La sentencia dictada en el juicio del 11-M, sin embargo, no se pronuncia sobre quién está detrás de los atentados, y se limita a condenar a algunos de los acusados como autores materiales o colaboradores. Por otra parte, es cierto que no se cuestiona la validez jurídica de la pruebas policiales, a pesar de las graves dudas que inspiran. No creo que haya tribunal en España con agallas suficientes para cuestionar una actuación de la policía con tantos puntos oscuros. Si por mucho menos hubo un magistrado al que se echó de la carrera judicial (Gómez de Liaño) o un director de un periódico al que le montaron un vídeo sexual, imaginemos qué hubiera ocurrido si este tribunal hubiera osado dar por inválidas la pruebas principales, procesar a los policías implicados en las manipulaciones y –como efecto colateral- erosionar definitivamente la credibilidad del actual gobierno, a pocos meses de las elecciones. La campaña de destrucción como mínimo moral que se hubiera iniciado contra Bermúdez y sus colegas habría sido aterradora.
Mi escepticismo hacia la resolución de la Justicia, por tanto, no puede ser mayor. Pero en cualquier caso, sea cual sea la verdad de lo que ocurrió aquel nefasto 11 de marzo de 2004, sigo pensando que no puede interpretarse de otro modo que como un golpe de Estado encubierto.
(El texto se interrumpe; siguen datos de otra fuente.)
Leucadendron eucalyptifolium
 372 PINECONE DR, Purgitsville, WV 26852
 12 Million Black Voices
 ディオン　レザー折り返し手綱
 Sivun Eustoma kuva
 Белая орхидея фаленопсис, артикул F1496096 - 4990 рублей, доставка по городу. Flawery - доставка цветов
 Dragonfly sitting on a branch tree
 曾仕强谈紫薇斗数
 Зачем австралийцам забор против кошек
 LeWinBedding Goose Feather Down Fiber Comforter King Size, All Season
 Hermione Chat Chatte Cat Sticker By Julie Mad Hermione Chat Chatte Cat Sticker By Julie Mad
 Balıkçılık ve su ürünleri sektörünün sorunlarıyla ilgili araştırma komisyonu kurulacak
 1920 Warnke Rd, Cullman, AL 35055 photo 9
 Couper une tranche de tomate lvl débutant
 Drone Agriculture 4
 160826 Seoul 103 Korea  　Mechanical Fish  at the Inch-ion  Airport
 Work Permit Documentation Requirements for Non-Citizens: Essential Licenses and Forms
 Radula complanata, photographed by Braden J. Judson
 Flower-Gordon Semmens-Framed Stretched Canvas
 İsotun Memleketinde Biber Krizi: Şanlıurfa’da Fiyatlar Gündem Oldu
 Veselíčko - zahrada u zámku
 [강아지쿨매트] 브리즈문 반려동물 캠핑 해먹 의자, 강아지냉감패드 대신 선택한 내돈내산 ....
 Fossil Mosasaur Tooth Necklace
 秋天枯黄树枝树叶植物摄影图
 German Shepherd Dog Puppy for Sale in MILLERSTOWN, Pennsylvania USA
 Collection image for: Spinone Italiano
Fuera Al-Qaida, fuera ETA, fuera una trama parapolicial, o una combinación de estas posibilidades, el móvil fue cristalino: cambiar el gobierno de España, aun a costa de la vida de casi doscientas personas. Y mientras no se desentrañe la verdad y se haga pública, sobre nuestra democracia seguirá planeando algo más que la sombra de una duda.